Jason and Natasha were heading out too and Laney hugged them both and assured them she was very excited to have a new niece or nephew. She gave her parents hugs too, piled everything in her backseat, and started the drive back home.
Except that she turned left, heading away from her parent’s subdivision. She kept going, her mind a hazy fog, her chest thick and heavy.
Christmas was just a rough time, she told herself. She had no reason to be unhappy. She had a family who loved her, her brother and Natasha were now married with a family of their own on the way. Everyone was healthy. Everyone still had their jobs, their house. She’d just enjoyed an amazing meal and her mom hadn’t even once tried to badger her. There was literally nothing to be grouchy or stressed about.
So why was her chest so tight? What was the ache in her stomach? Laney learned the hard way that eating raw cauliflower caused massive intestinal distress. Cooked was fine, but raw was unfortunately not on the table for her, which was too bad because she really liked it. She currently felt like she’d eaten an entire head. But she hadn’t. There was no way to explain the pain in her chest and lower, the ache in her belly.
There was also no way to explain why she was driving towards Morgun’s apartment. Laney didn’t have Morgun’s number. She couldn’t message her. She probably wouldn’t have, even if she had it. She could have brought up the dating app and sent a message, but she hadn’t planned this. It kind of just happened. Her body steered the car while her brain was furiously working on something else.

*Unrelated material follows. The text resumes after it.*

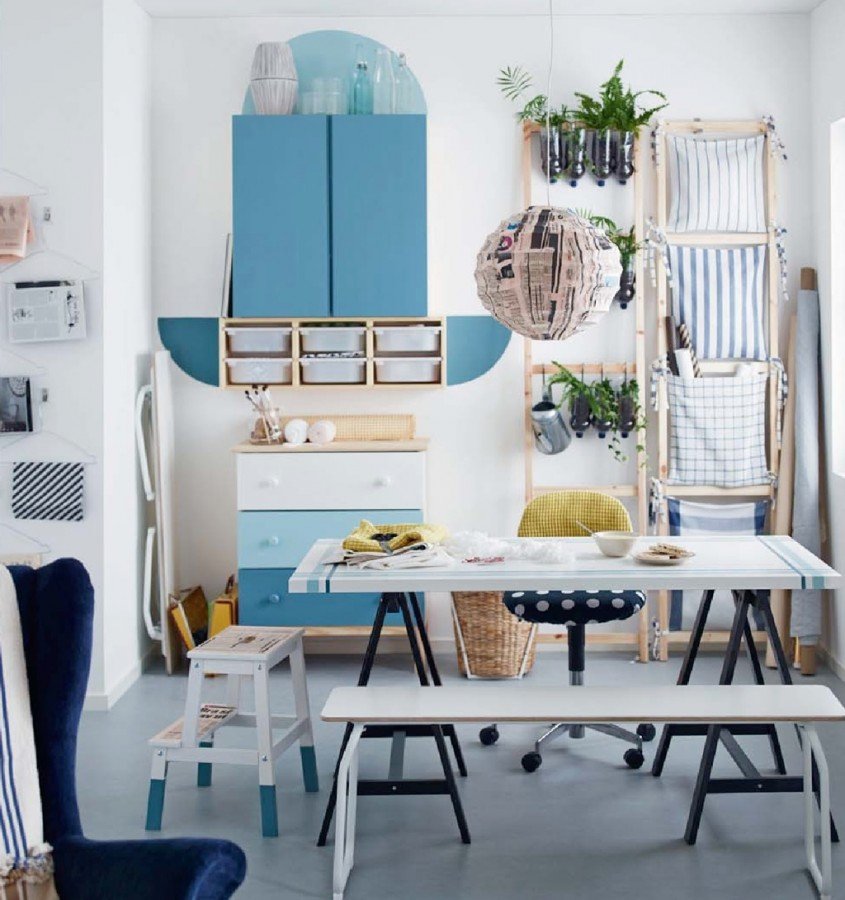 Фотография: Мебель и свет в стиле Скандинавский, Карта покупок, Индустрия, IKEA – фото на INMYROOM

Traffic was fairly light since people were still probably celebrating Christmas with family and friends. Laney knew she was getting close. She remembered the outdated children’s park in a small grassy space at the intersection of two busy streets. She recalled thinking that it was hardly a safe place to put a park and she thought so again as she passed it.
She knew that Morgun’s apartment was only five minutes away. She could still stop. She could turn around and forget about what she was about to do. Morgun probably wasn’t even home. She was likely having Christmas with her own parents. Laney assumed they lived close by, but she could be wrong. She hadn’t even asked.

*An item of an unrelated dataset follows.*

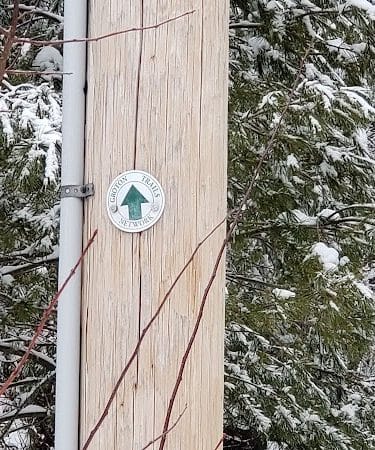 The Throne hiking trail, Rockwood Lane parking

She regretted the way she’d bulldozed into the coffee shop that night. How she’d picked Morgun up for the wedding in a foul mood and hadn’t taken more than a second to appreciate her appearance, let alone her company. She had noticed that Morgun looked beautiful, but it chaffed her like a thorn stuck somewhere deep in her foot where she couldn’t see or reach it. Laney hadn’t allowed herself to enjoy it. At least not until late in the evening, when she’d had a few drinks and allowed herself, for a brief span of time, to do something that she truly wanted.
What’s wrong with being yourself? Morgun had asked her that at the wedding.
She never got a chance to respond, but the question bounced around in her head for the rest of the night and well into the next few days.
Laney had this ridiculously thick skin. She’d spent years and years cultivating it. It started when she first came out to her parents. She’d expected high school to be extra rough because she didn’t keep it a secret that she was a lesbian and that was tough to deal with, in addition to all the other shit that makes high school impossible for people to get through. She’d started that night, building
up the extra thick, protective layers that it took to keep the barbs out.